I realized at that moment that this public school would not allow certain ethics or particular kinds of morality to be taught in the public schools. They did teach not to steal other children’s lunch money, not to fight on the playground, and not to disrespect the teacher, but somehow teaching about the morality of protecting their own person as being private to each student was beyond the comprehension.
Morality as a subject in the public school curriculum was not addressed. I told the board that this material is the role of the parents to address with their children, not the public school system. The principal told me that since many homes were now single parent homes, and that many parents were not teaching this subject to their children, the role of sex education would now fall to the schools. I withdrew my children from this amoral sex education curriculum.
That’s when I knew had to write The Virtue of Virtues. It is a grade five – eight, virtue-based morality curriculum designed to be incorporated into existing CCD parish programs. I taught it to sixth-graders. The seven lessons may be taught once each month during the CCD year or in a seven-week block from October to December at the start of the CCD year. Both methods have proven to be successful.

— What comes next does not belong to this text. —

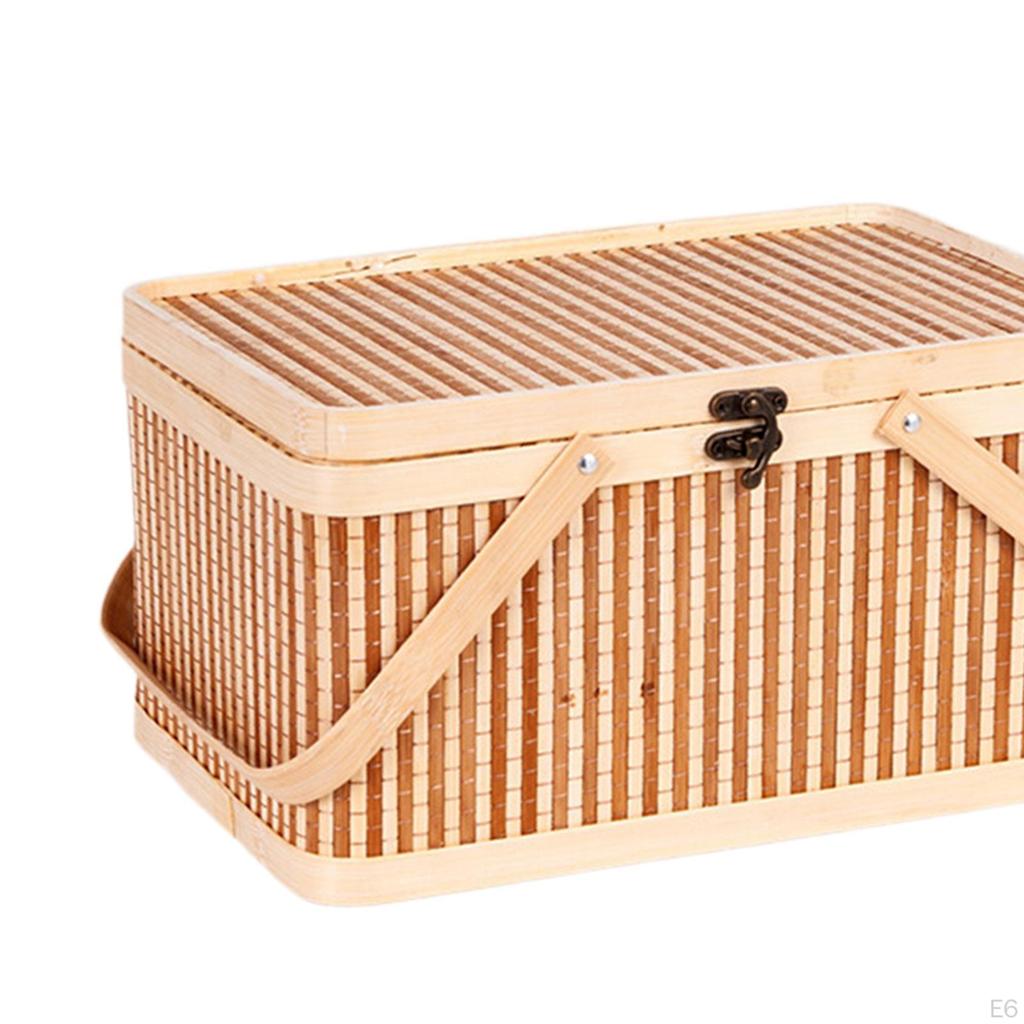 Bamboo Basket Woven Picnic Egg Storage Holder Sturdy Portable with Lid and Handle for Bread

Parents can also use this organized approach to teach virtues to their children, since The Virtue of Virtues may be taught one hour each night for one week, once a week for seven weeks, or once a month for seven months. Parents have the opportunity to teach their children individually or in a comfortable setting with other parents and children.
My job since 1977 to that point was writing for a newspaper, The Milford Daily News (under the name Linda Kearsley), as a correspondent and feature story writer for the neighboring Town of Mendon. I decided to answer the six questions every reporter needs to ask for a complete story: What?, Why?, How?, When?, Who? and Where?.
The What? section of each chapter refers to a current day fiction story, which deals with the lesson theme, and is followed by the Why? section that asks questions. How? is a written activity. When? opens the scriptures for the students, while Who? illustrates the message is meant for them. Each lesson concludes with Where? calling students to act out their faith here and now.
This book is written with much love for our youth. Each of the seven lessons leads children to seek out God, who loves them, and to live out the virtues, as a way of returning their love for God.
The seven chapters are:
1. Theological Virtues
A. Faith
B. Hope
C. Love
2. Cardinal Virtues
A. Prudence
B. Justice
C. Fortitude
D. Temperance
3. Fruits Of The Holy Spirit
A. Charity (Love)
B. Joy
C. Peace
D. Patience
E. Kindness
F. Goodness
G. Endurance
H. Mildness
I. Faith
J. Modesty
K. Restraint
L. Chastity
4. Seven Capital Sins
A. Pride
B. Covetousness (Greed)
C. Lust
D. Anger
E. Gluttony
F. Envy
G. Sloth
5. The Opposite Virtues
A. Humility
B. Generosity
C. Chastity
D. Meekness
E. Temperance
F. Brotherly Love
G. Diligence
6. Friendship
A. Mutual Respect
B. Sincerity
C. Loyalty
D. Faithfulness
E. Honesty
F. Purity
G. Self-esteem
7. Decision Making
A. Free Will
B. Coercion
C. Responsibility
D. Exploitation
E. Peer Pressure
F. Character
Teacher’s Objectives for each class are explained in the Appendix. Parents will also benefit from the Appendix at the conclusion of the book, which includes references to today’s Catechism of the Catholic Church dealing with virtues.
If there ever was a time when moral courage was on trial, it is today. We can do much to foster virtues in our youth, and in the process, strengthen these same virtues within ourselves. Virtues are the first stepping stones leading to mature character development.
Let us not shy away from teaching virtues to our children. Not one of us is perfect. We begin, or begin again, right where we are. Let us bloom where we are planted, in the garden of our homes, families, neighborhoods and parishes. This is a positive step we can take to instill wholesome goodness in a world in want and need of virtues.